Gender equality, as a concept, needs testing, even jesting, and showing up for its shortcomings – that seems to be the approach skilfully woven into the social consciousness of Avital Raz’s music. It is especially the case for the single Male Order Bride, released 8 March 2017 to coincide with International Women’s Day from this Sheffield-based artist, trained in Indian classical music.
Raz’s childhood experiences as a singer of classical music infuse her vocals with a certain energy which dares to delve through sound such as Americana and acoustic-based to choral capabilities and fiery folk, stopping nowhere – unrestrained and resonant for it.
Male Order Bride is a commentary on gender equality, deconstructing the concept, just like it deconstructs genre – to deepen our appreciation of women’s capability rather than their limits.
Capability point one; create some seriously good parody. Male Order Bride moves in on this, opening with the tongue-in-cheek optimism of I’m Working For The Man. This is an enchanting yet exploratory method of making gender roles seem stunted and somehow absurd, combining country sound with surprising humour.
This is music which strikes against the norm, what is ‘regular’, by reversing certain routines and rather than so much feminist material which just aggravates – this insinuates, unnerves. It means something – utilising irony and pastiche to play with what we are encouraged to accept as ‘normal’. This isn’t feminist material we just think about, oh no, this is the female experience we feel. We need to feel.
Lines like ‘It’s all that I can seem to do… you’re probably doing it too’ invite the listener into being boxed, into being generalised.
And here lies the question of the music – why do women have to be subject to this? Raz’s vocals on Male Order Bride billow out, becoming stronger and more animated as she compares society’s structures such as ‘marriage’ and ‘love’ to run-on definitions of her own creation such as ‘low income sex worker’s industry’. Shimmering with feeling, this track seems to take the nostalgia known by country music and cleverly uses it to critique a social view which seems very much to place women in the past.
But women are not past – they are present and powerful.
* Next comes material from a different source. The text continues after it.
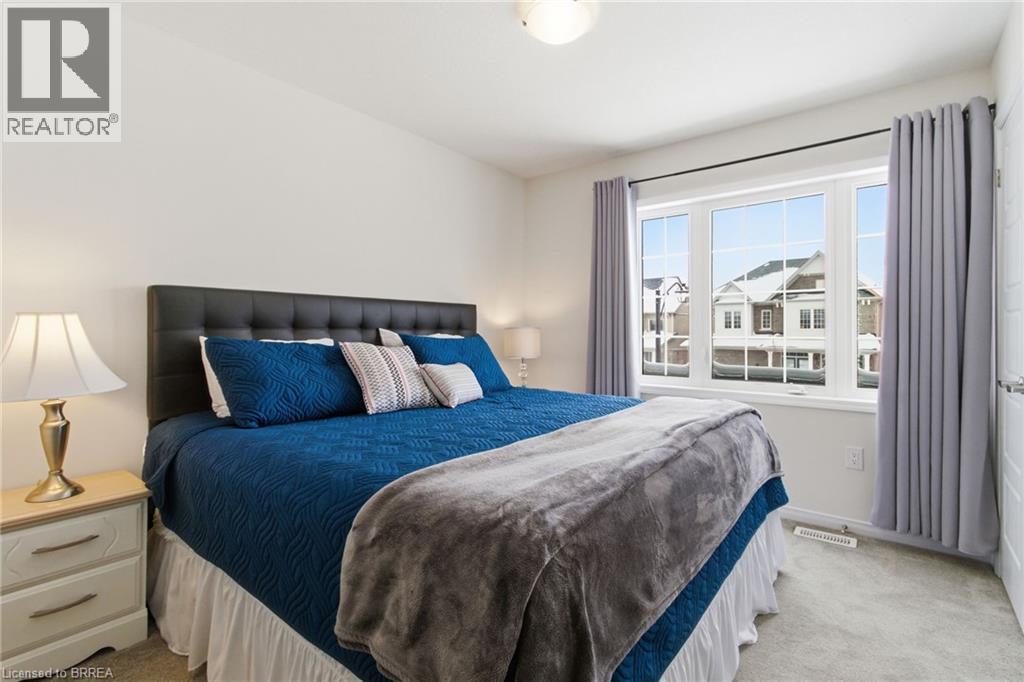 298 Dolman Street, Breslau, ON - Indoor Photo Showing Bedroom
That is what the track upholds. Sound seeps through a little like the folk-feel of Joni Mitchell’s later work, but never staying in one place for long, in effect resisting definition.
Avital Raz’s quirky approach to songwriting has already brought us such cynical feminist tracks like Oh, Isabel (how to fend off a paedophile), The Edinburgh Surprise (a one night stand between an Israeli and Palestinian), and Blues Of the Ugly Sister – and Male Order Bride inflicts another sensuous injury on society’s standards.
Accompanying video by Chris Davis wittily intercuts archive footage with eroticised domestic pastiche; and it’s a taste of an album to come, an album which strives to spread the paradox society has been entertaining for so long and expose it. Inviting us to experience ‘beauty’ and then making us question what it really is. This confident creativity could be seen as is in the capability of other female musicians manipulating barriers at the moment, such as Jenny Hval, but Raz stands out with by not just flirting with controversy, but unfurling it.
The Fallen Angel’s Unravelling Descent, title track of the album, introduces harmonies topped up with strings and powering with pace. Lines like ‘take my soul’ and ‘wrap it up’ are spoken almost in the throes of passion and yet show limitation. Very clever.
This title track is preceded by Jukebox and Regarding Angels which both also seem to utilise harmonies to unlock reflection. Reflection on repetition of the day is important, ‘send me back to the world to stay… day after day, baking in clay’, are lines lending the music a sensuous assonance showing the subversive routines up for what they are.
But Raz doesn’t just highlight oppression in her music, she highlights its effects which move us not just to reflect but react. Isabel St. Revisited as a potential track to facilitate that, with beauty teased-out of notes trembling with a water-like intensity. Circulating rhyme and aching assonance, as we hear in the pattern of lyrics like ‘conclude/elude/lose/abuse’, aid the telling of a tale of threat so many seem exposed to.
Raz is no stranger to threat herself after all, in fact, she could be perceived as reclaiming it, showing it up for what it is. One of my favourite tracks on the album is This Damn Flood enriched with the warning sound of whistles, the noise of pipes, which power the song with a prowling rhythm almost penning us in to ‘find a sense of humour, before the song is through’. It finds the farcical in what women may be exposed to.
The opening track of the album ‘TV’ is another thing entirely, with anthemic growth and spiralling keys, untapping grief – ‘I can hear the clocks tick and its, making me sick’, whilst the following ‘Bored Lord’ billows out an enchanting, almost weary cry of frustration.
Diversity of tracks yet solidity of strength and message are very much prevailing points of Raz’s album. It speaks of struggles beginning at home and unravelling in society, where women are subject to the likes of obligation, estrangement and expectation – and says, let us not submit to those rhythms, but create a whole new soundscape entirely. It is within all of us. And in an album enriched with instrumentation including the depths of Oud, the spiralling abilities of Ney-Arabic flute and cello, you won’t be disappointed.